Return only the lines below starting at the line containing "Here we can" and ending at the line containing "And that pretty", both included, exactly as they are and with no pictures.

START Dataset records

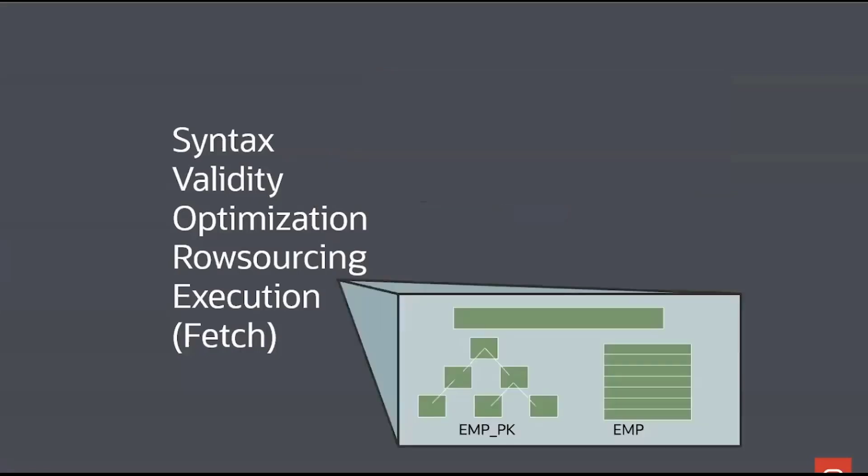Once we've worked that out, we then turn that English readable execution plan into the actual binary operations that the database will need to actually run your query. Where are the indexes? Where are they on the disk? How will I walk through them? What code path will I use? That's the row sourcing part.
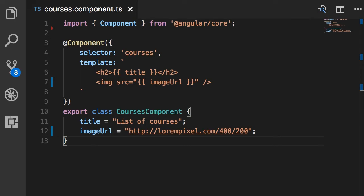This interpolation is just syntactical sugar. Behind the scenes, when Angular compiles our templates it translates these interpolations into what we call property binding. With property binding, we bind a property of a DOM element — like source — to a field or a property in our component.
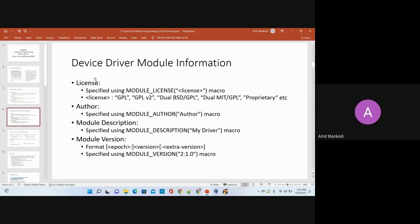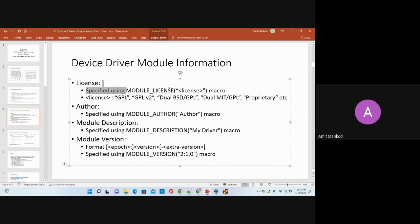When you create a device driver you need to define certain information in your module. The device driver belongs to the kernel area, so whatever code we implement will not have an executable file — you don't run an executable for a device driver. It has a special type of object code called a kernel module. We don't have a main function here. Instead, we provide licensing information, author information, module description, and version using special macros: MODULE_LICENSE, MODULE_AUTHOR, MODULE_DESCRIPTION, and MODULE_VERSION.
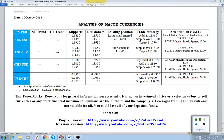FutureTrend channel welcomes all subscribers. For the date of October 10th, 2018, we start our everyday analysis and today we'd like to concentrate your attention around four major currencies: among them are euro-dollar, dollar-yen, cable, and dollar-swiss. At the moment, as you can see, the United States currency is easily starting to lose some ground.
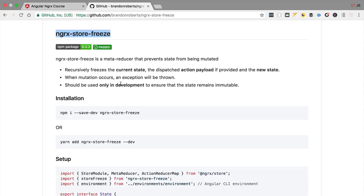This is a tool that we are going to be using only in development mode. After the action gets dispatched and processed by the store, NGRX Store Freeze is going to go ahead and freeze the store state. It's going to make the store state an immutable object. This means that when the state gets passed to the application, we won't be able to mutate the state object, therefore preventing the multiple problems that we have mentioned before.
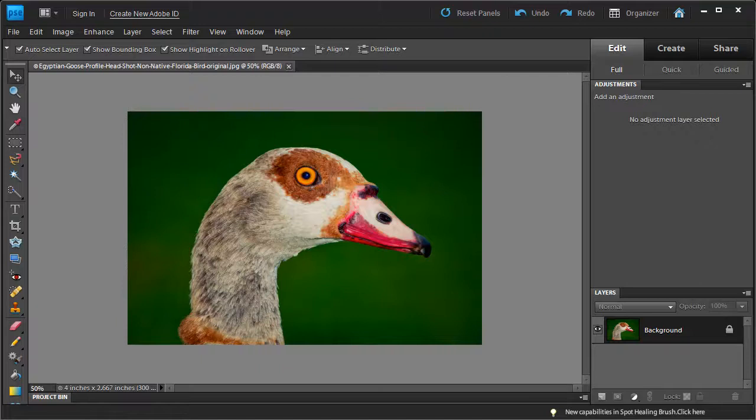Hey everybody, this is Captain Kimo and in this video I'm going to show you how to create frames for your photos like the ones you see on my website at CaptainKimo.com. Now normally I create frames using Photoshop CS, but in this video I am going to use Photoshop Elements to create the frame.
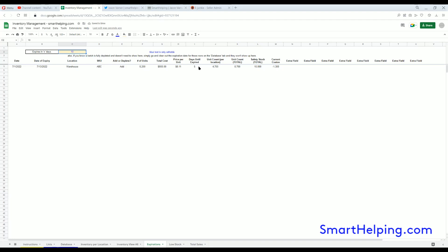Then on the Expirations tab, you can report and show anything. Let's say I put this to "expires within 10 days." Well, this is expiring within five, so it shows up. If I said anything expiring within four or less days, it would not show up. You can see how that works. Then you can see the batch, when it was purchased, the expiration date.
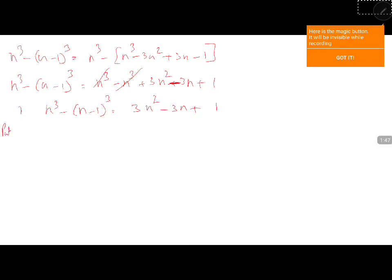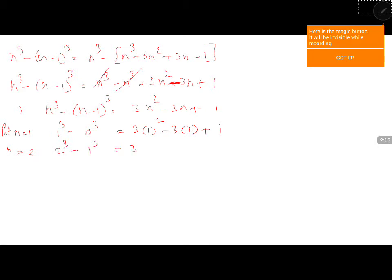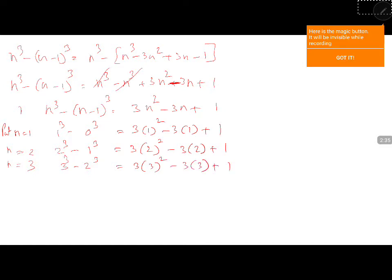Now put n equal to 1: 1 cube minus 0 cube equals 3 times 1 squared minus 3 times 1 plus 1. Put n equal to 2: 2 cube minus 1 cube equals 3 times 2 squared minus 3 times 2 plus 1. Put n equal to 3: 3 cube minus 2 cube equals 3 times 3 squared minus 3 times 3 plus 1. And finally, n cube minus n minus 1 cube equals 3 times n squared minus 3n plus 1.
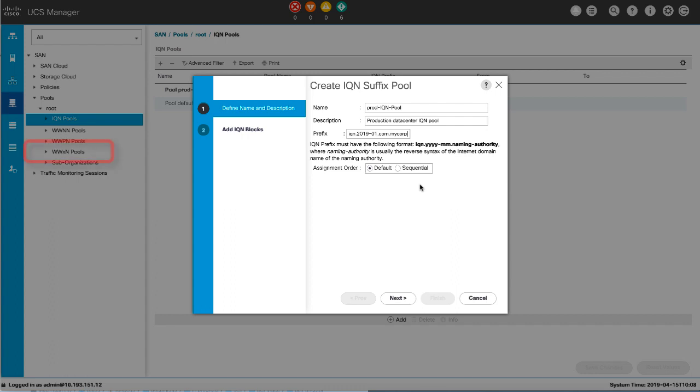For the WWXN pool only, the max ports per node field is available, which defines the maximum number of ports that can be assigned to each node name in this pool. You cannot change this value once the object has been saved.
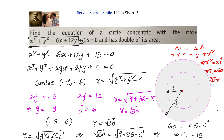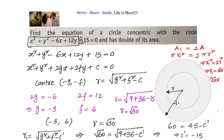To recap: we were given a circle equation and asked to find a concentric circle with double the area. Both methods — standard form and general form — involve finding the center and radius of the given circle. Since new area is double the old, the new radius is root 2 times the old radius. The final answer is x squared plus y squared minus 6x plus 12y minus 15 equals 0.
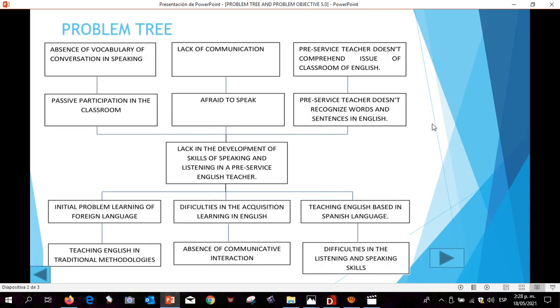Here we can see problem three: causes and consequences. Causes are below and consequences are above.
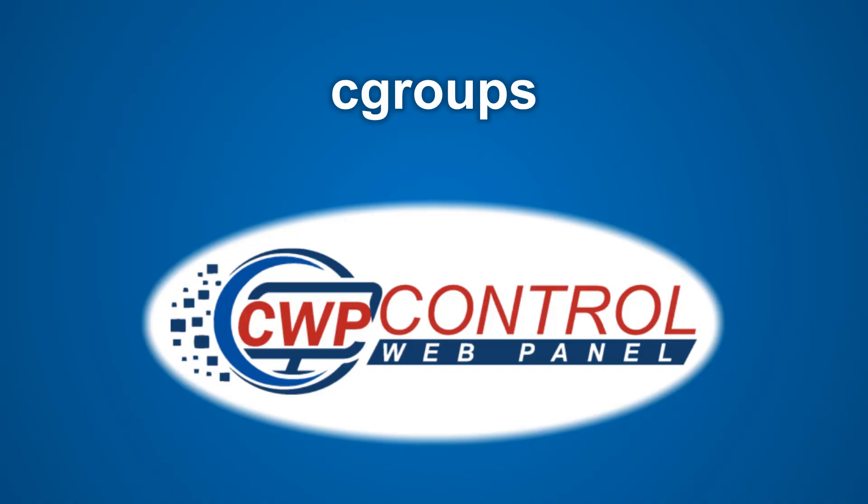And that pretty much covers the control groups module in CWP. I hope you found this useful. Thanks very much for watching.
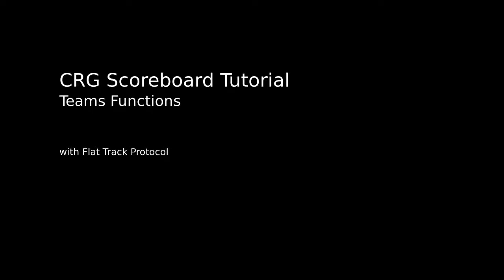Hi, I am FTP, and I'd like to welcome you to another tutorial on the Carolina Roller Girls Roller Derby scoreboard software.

END Dataset records

● Output of the exercise
Here we can see problem three: causes and consequences. Causes are below and consequences are above.
And that pretty much covers the control groups module in CWP. I hope you found this useful. Thanks very much for watching.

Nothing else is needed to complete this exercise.